TASK STATEMENT:
Starting with the opening line of the entries below, transcribe each line exactly up to and including the one that has "Aloha Black Labrador Fabric"; pictures are not copied.

DATA SHOWN:
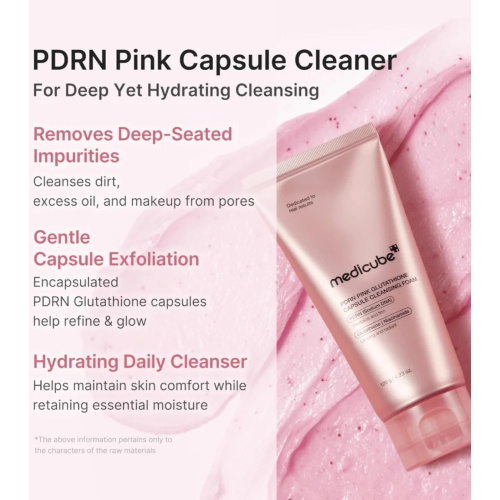 Medicube - *PDRN Pink* - Nettoyant facial Glutathione Capsule Foam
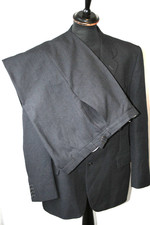 Vintage Hackett Morning 3 button 2 piece working cuffs suit XL Hi Waist 40 L 33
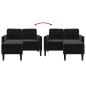 Preview: 2-Sitzer-Sofa mit Chaiselongue L-Form Schwarz 125 cm Samt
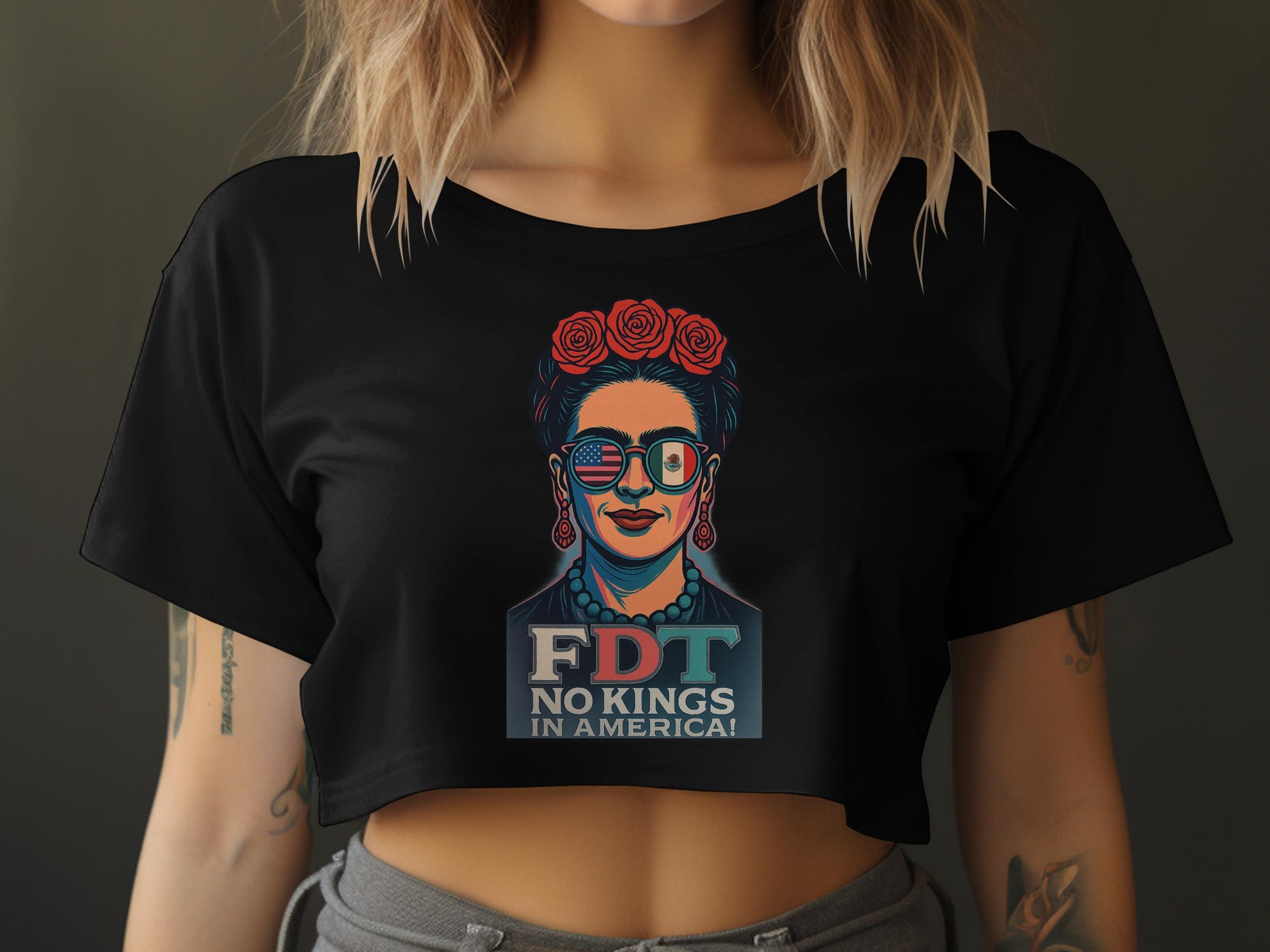 Artistic FDT No Kings in America Graphic Top product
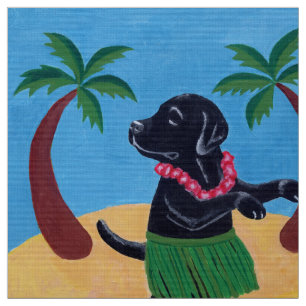 Aloha Black Labrador Fabric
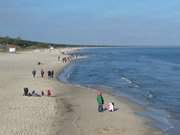 Sonnenschein auf dem Ostseestrand zwischen Zinnowitz und Trassenheide.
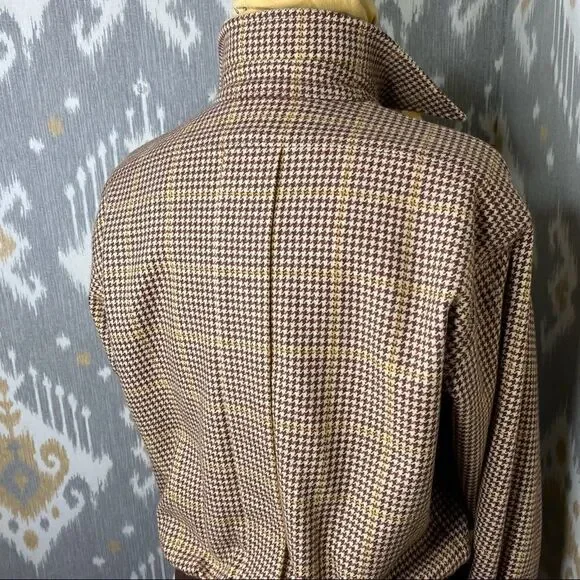Ralph Lauren Collection Brown Multi Wool Check Plaid Jacket - Picture 9 of 16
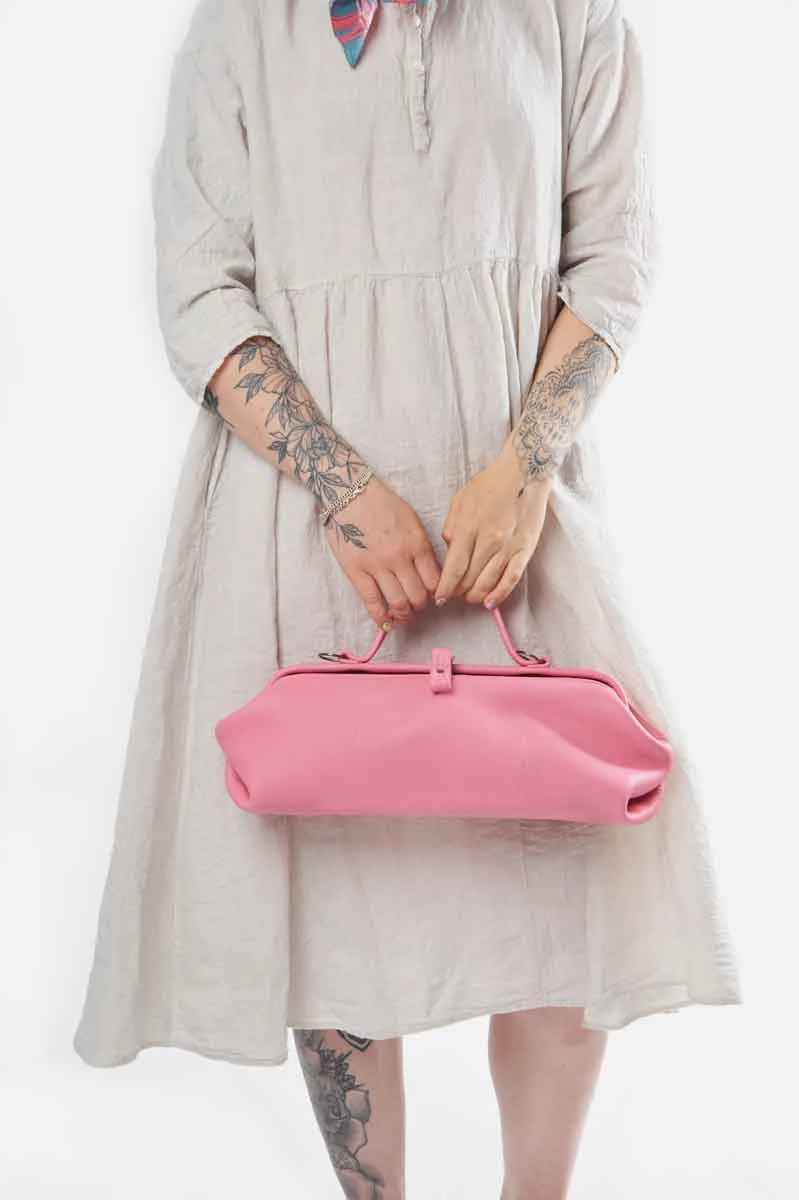 Pink Baguette Bag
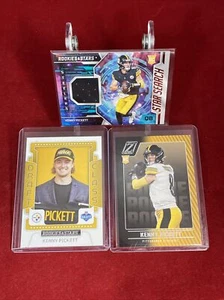 PARCHE ROJO KENNY PICKETT SP RC 2022 NOVATOS Y ESTRELLAS Paralelo NFL ZENITH STEELERS - Imagen 1 de 11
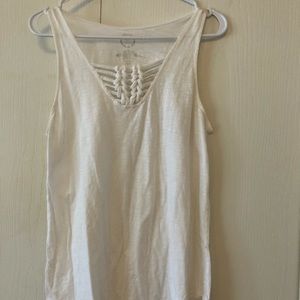 White tank top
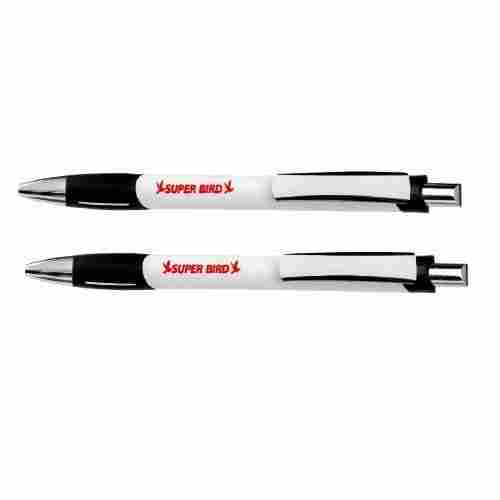 Promotional Plastic BallPoint Pen With 0.5-1 mm Nib Size And 4-6 Inch Pen Size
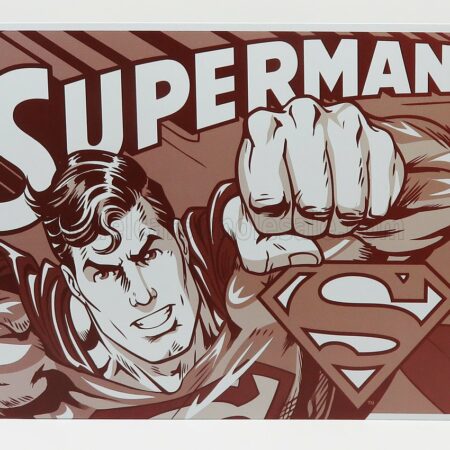 EDICOLA 1/1 ACCESSORIES | METAL PLATE - SUPERMAN | RED WHITE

COMPLETED EXERCISE:
 Medicube - *PDRN Pink* - Nettoyant facial Glutathione Capsule Foam
 Vintage Hackett Morning 3 button 2 piece working cuffs suit XL Hi Waist 40 L 33
 Preview: 2-Sitzer-Sofa mit Chaiselongue L-Form Schwarz 125 cm Samt
 Artistic FDT No Kings in America Graphic Top product
 Aloha Black Labrador Fabric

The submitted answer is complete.